Record set:
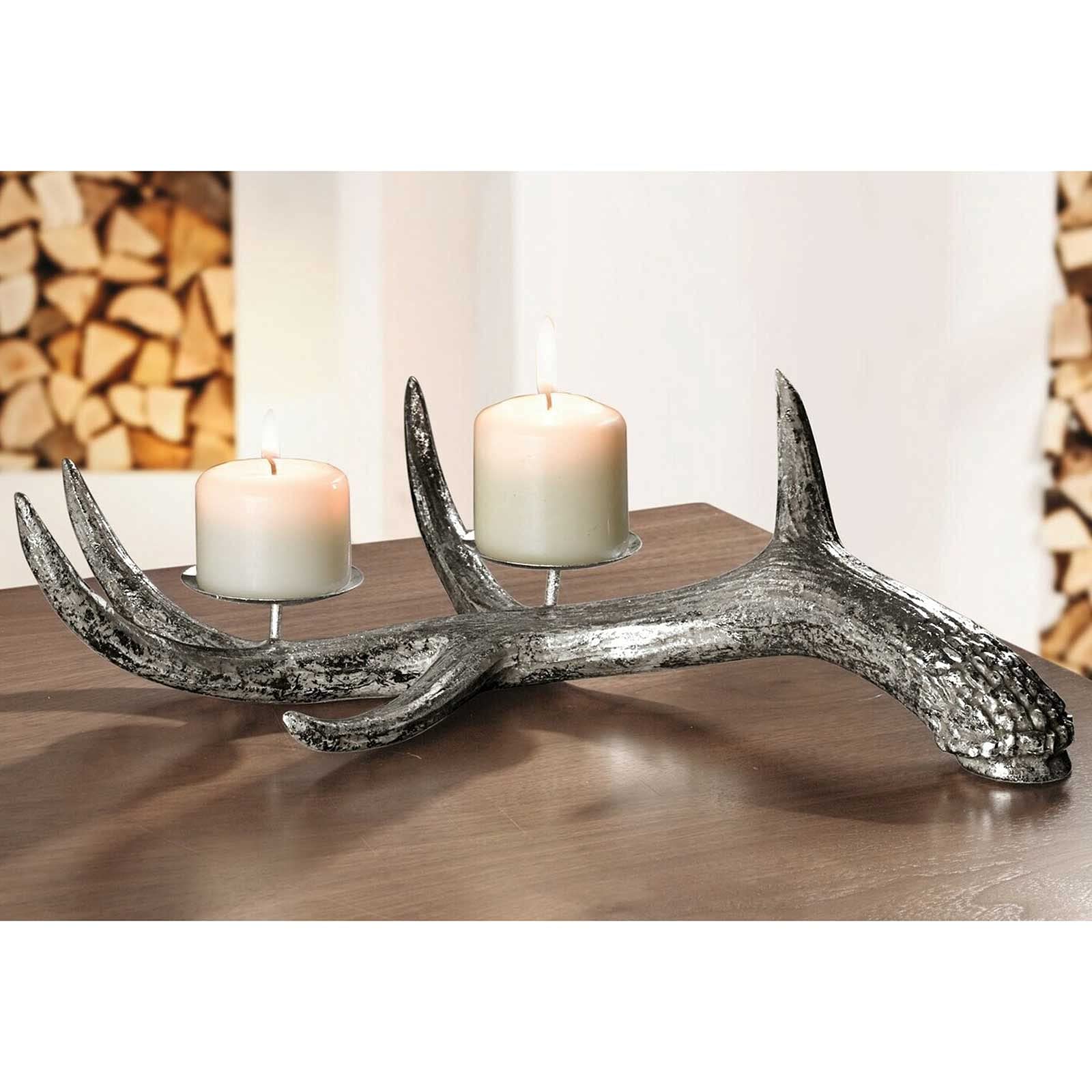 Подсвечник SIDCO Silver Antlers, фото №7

--

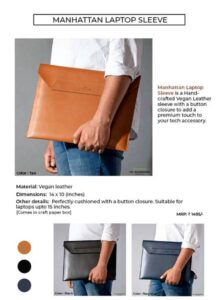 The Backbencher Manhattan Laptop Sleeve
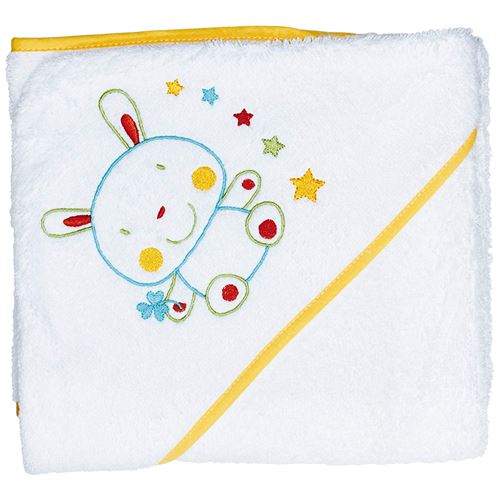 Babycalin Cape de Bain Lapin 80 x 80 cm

The task: With the pictures omitted, print the lines above exactly, beginning at the line with "The Backbencher Manhattan Laptop Sleeve" and going on through the line with "Babycalin Cape de Bain Lapin 80 x 80 cm".

Answer area:
 The Backbencher Manhattan Laptop Sleeve
 Babycalin Cape de Bain Lapin 80 x 80 cm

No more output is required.